Slide 7 here continues to be one of my favorite slides in our slide deck. Not only am I attracted to color, but it really does kind of tell our story in a very synoptic way. Everything that we’ve accomplished since 2013, whether it’s projects in the blue, kind of the [indiscernible] which is third-party acquisitions; our drop down acquisitions, which – we’re not without risk when we bought this business from Kinder Morgan back in 2012; other type major occurrences at the company as well as financings that we have done.
And so if, I guess in leaving this slide, I guess, since we took two companies public in 2013 and 2015, TEP and TEGP, just using this slide alone, I would challenge anybody, frankly, to go back and look at when we went public with either of those companies and come up with us not having achieved something that we talked about achieving, looking forward to have those times. So bottom line is we said what we’re going to do, and I think we went out and did it and have executed.
Slide 8. Turning to that is our consistent infrastructure investment. Gary made this point earlier. We have a five-year history of increasing our EBITDA, being very responsible capital allocators in the space, whether it’s growth CapEx or third-party acquisitions, a total of over $3 billion of invested capital. We currently have, we’ll show you in a minute, open AFEs on our books of somewhere around $650 million, it says $628 million here on the slide, but we currently have growth projects of $628 million. Again, open AFEs that will generate $106 million. So when you do all that math, our multiple-owned invested capital is 5.5x, which, again, I think is an outstanding result.
Turning to Slide 9. This is our active growth projects. We’ve given you a fair amount of detail here about what is in our open authorization for expenditure system. So this is our CapEx. Up top there, it’s the stuff under construction; below, it’s the stuff placed in service. It all amounts to $628 million with a underwritten EBITDA contribution of $106 million. Again, you’ll have this to study later but it just shows you the stuff that we have been doing. Again, I refer to earlier comments. We have these calls for our fellow investors and the banks that provide us credit. The investment banks that help us raise capital, be it equity or debt bonds.

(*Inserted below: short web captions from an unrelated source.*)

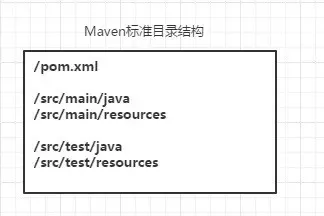 Maven 虐我千百遍，我待 Maven 如初恋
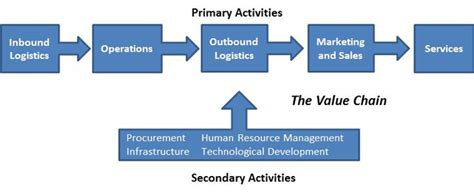 Explain The Different Types Of Value Chain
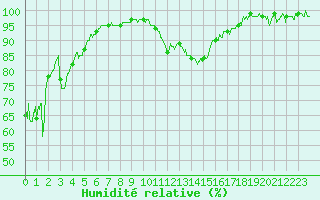 Courbe de l'humidit relative pour Bagnres-de-Luchon (31)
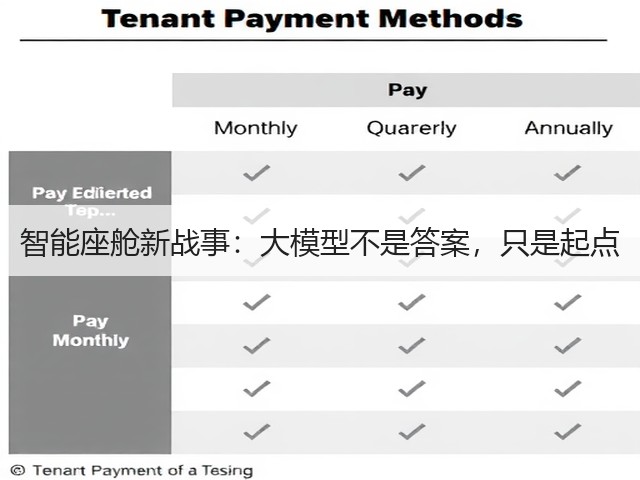 智能座舱新战事:大模型不是答案,只是起点(图2) 智能座舱新战事:大模型不是答案,只是起点(图2)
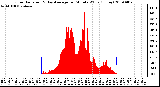 Milwaukee Weather Solar Radiation & Day Average per Minute W/m2 (Today)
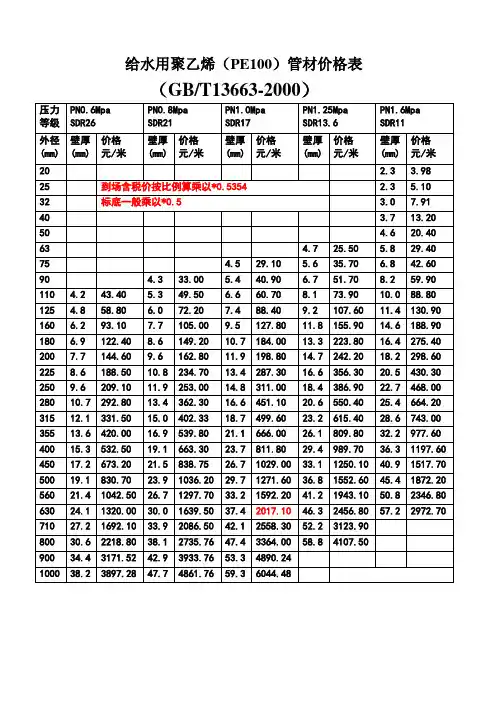 PE管价格表2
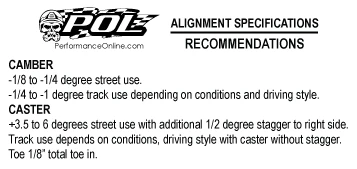 1970-81 Chevy Camaro Tubular Control Arm & Coil Over Suspension Kit, Stage 3+ - Image 3
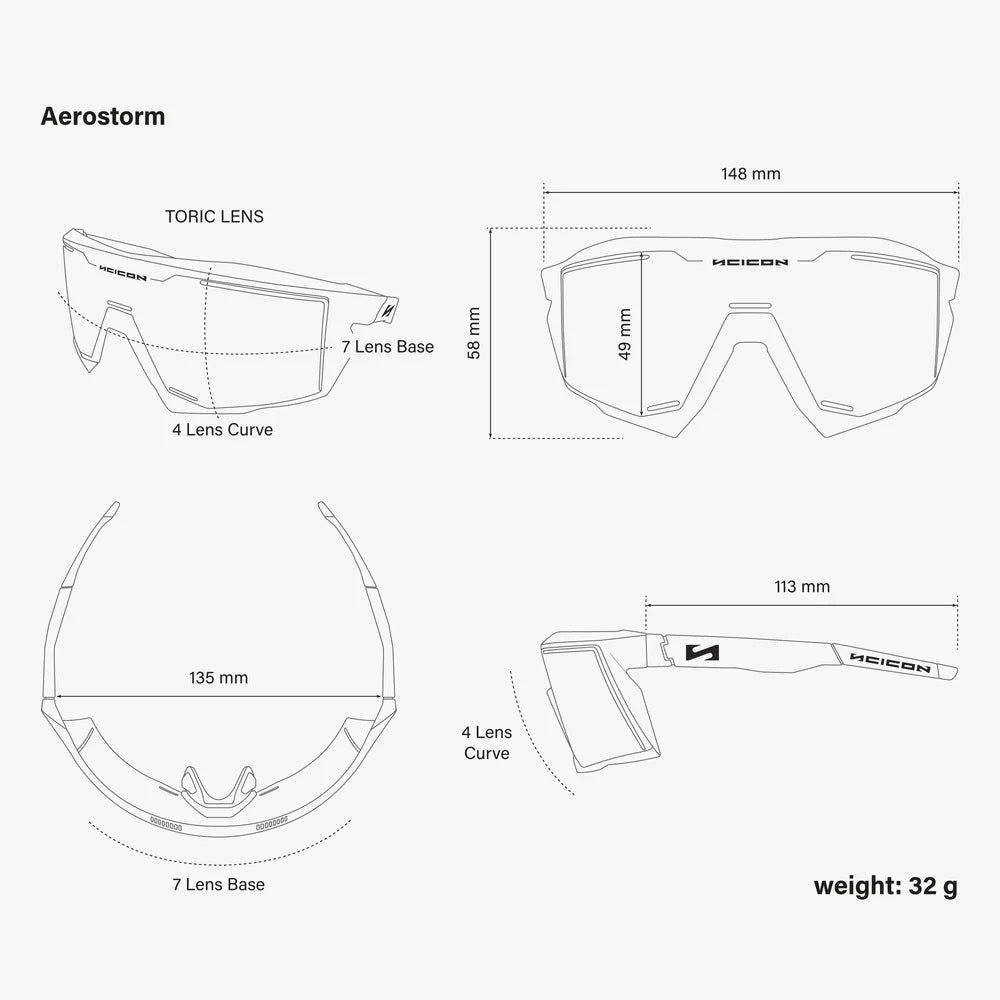 Scicon Aerostorm Multimirror 2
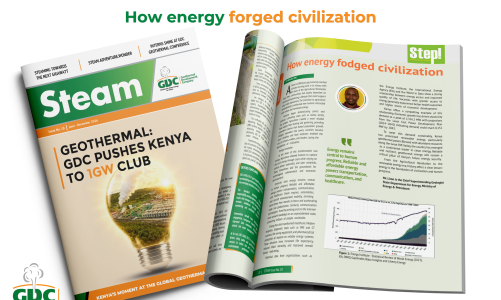 How energy forged civilization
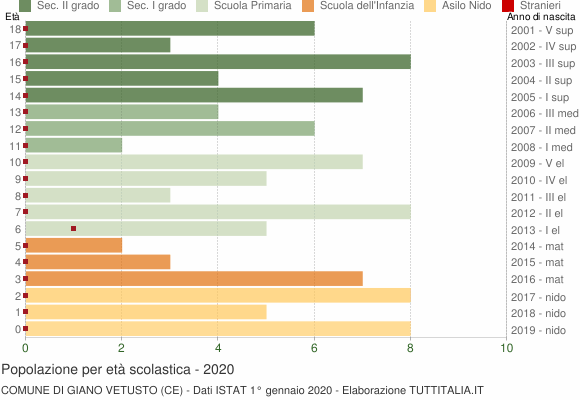 Grafico Popolazione in età scolastica - Giano Vetusto 2020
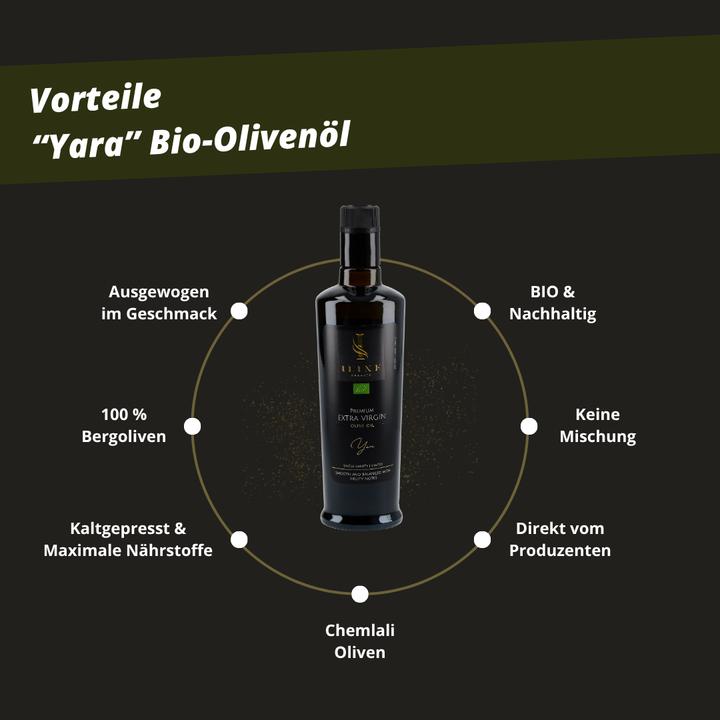 Actual product image Iline Yara Medium (25 cl)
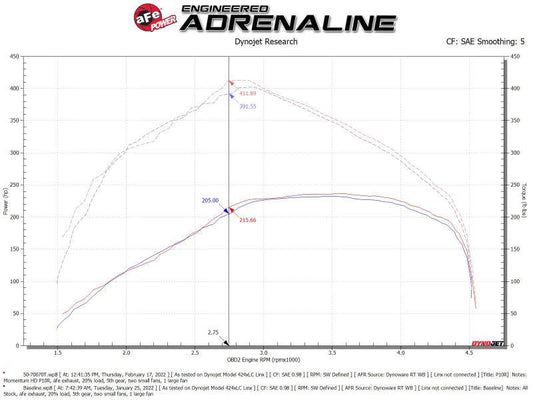 aFe Momentum HD Pro 10R Cold Air Intake System 20-21 RAM 1500 3.0L V6 (td)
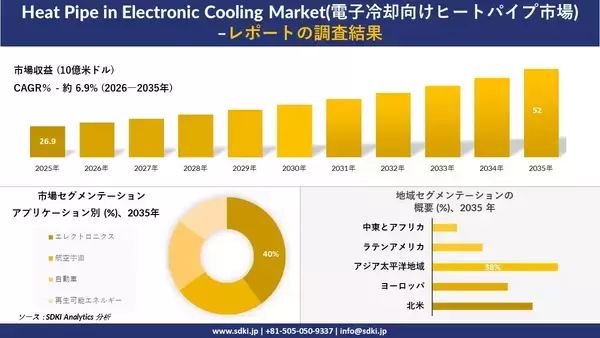 Heat Pipe in Electronic Cooling Market(電子冷却向けヒートパイプ市場)：市場傾向、需要、成長分析、および2026－2035年の予測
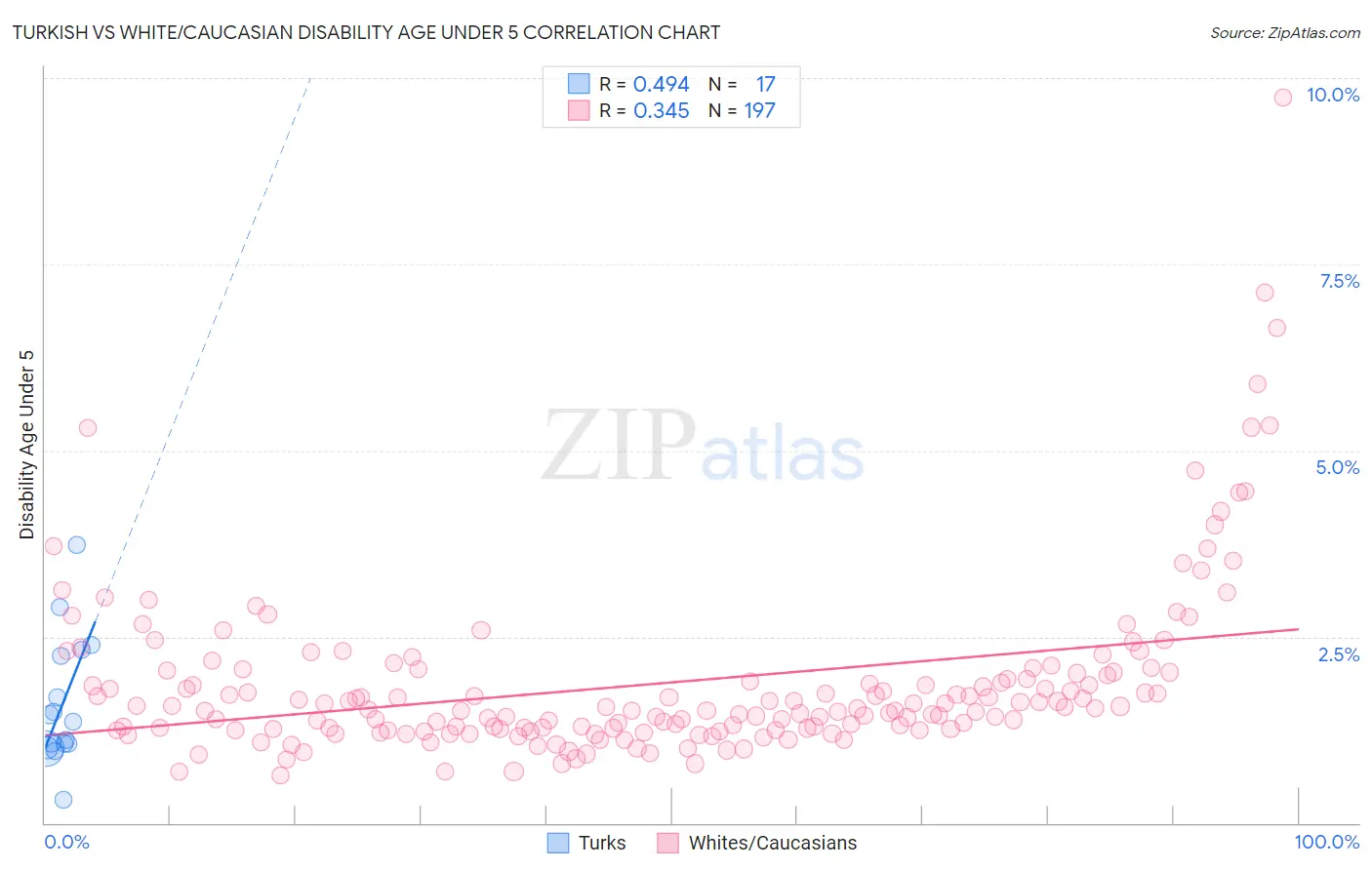 Turkish vs White/Caucasian Disability Age Under 5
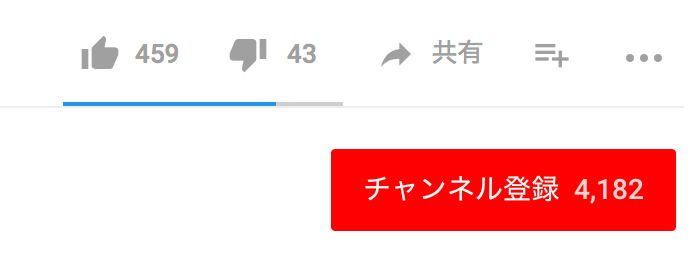 Youtubeの副業で稼ぐ 収益を得る仕組みと稼ぐコツ ふくぎょう三姉妹 女性のための副業サイト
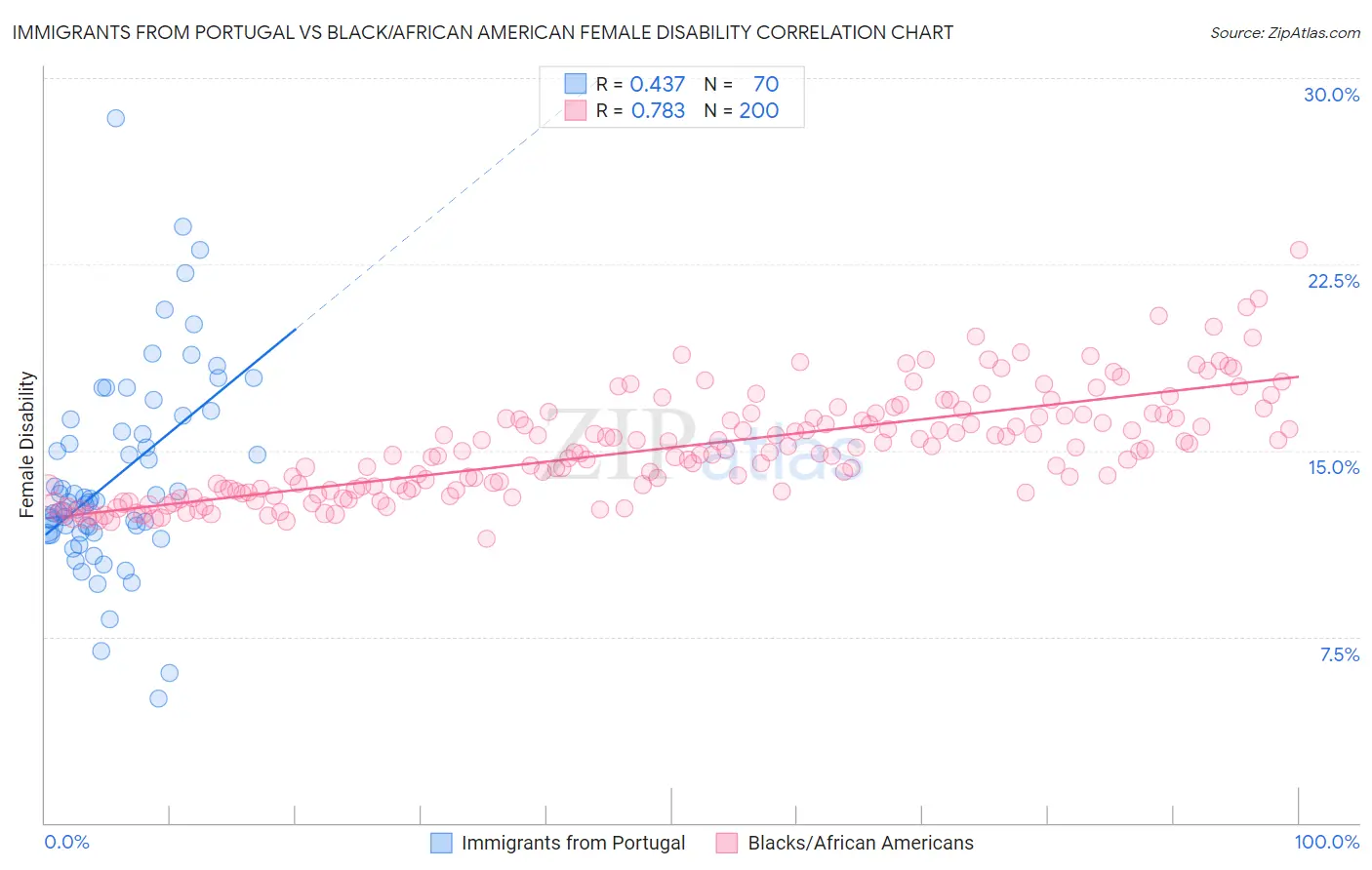 Immigrants from Portugal vs Black/African American Female Disability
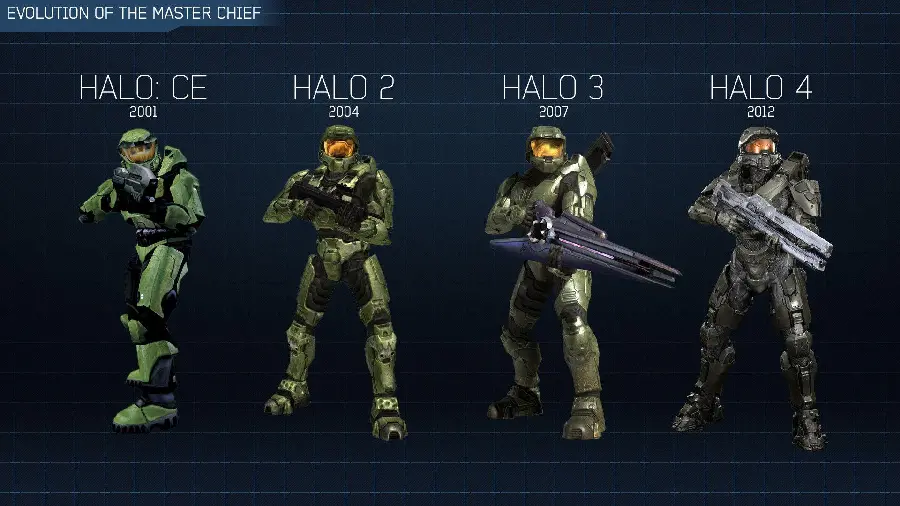 Wallpaper of the world of video games of Master Chief
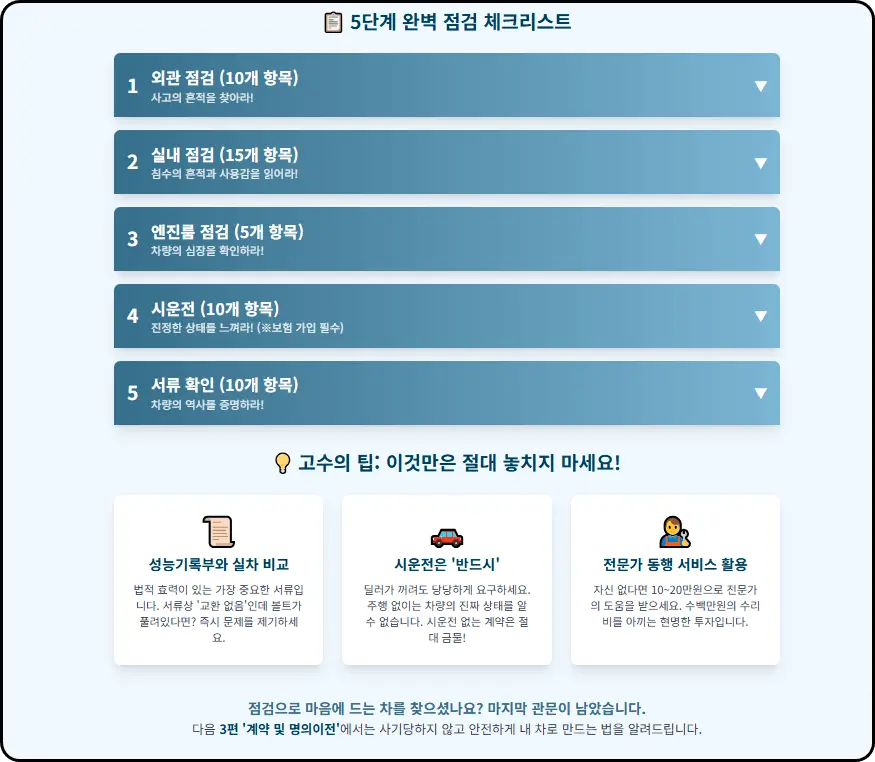 서류 확인 (10개 항목): 법적 함정을 완벽히 차단하라!
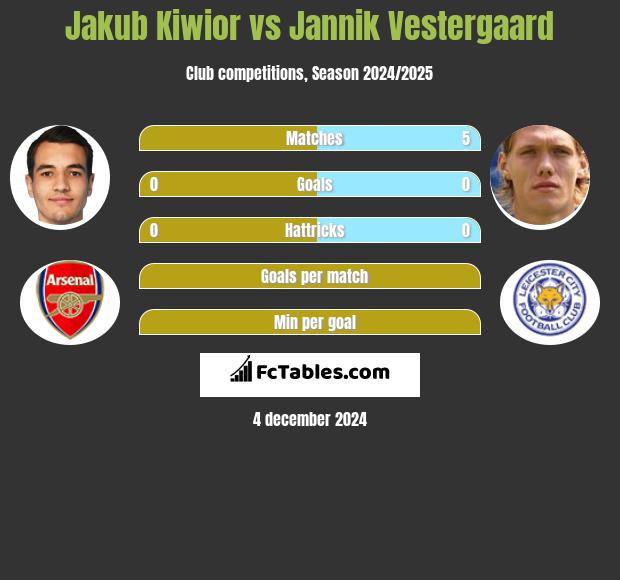 Jakub Kiwior vs Jannik Vestergaard h2h player stats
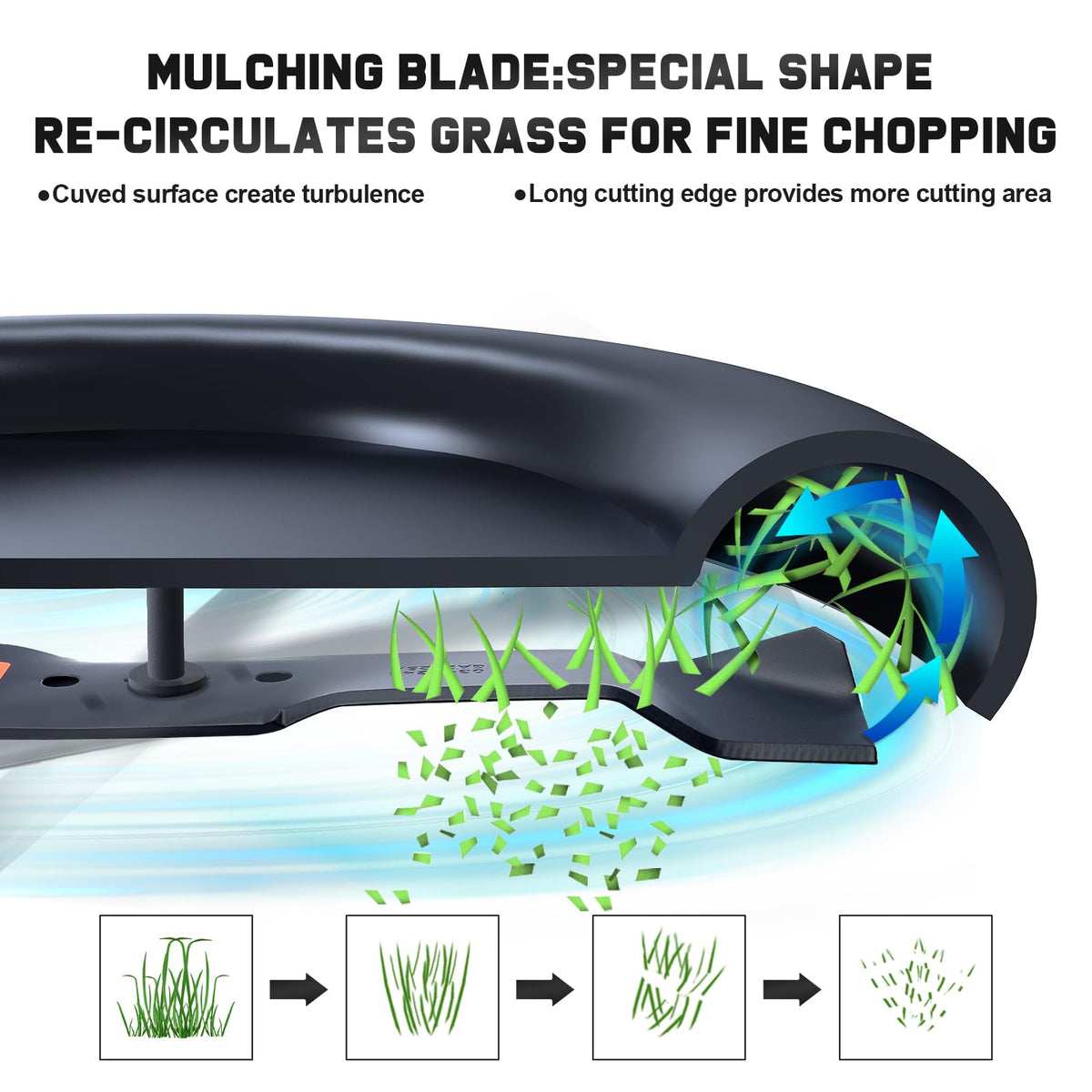 Grasscool mulching blade for Cub Cadet LT1046 ensures even grass processing.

We have it for analysts. We even have it for people who don’t like our story and think they want to short our stock. That’s all fine. But the fact of the matter is that we’re dealing in facts here. We’ve had people that are analyst write things about us, only spending $50 million in growth CapEx, going out into the future with 1% perpetual growth rates, and it’s just silliness. And frankly, I would encourage my fellow investors to do your own work. To the extent you have bias and you want confirmation bias, pick out any of the analysts out there that kind of comport with your way of thinking and go ahead and confirm your stuff. But don’t rely on them because we’re dealing in facts, and our facts prove a number of them, frankly, to be wrong.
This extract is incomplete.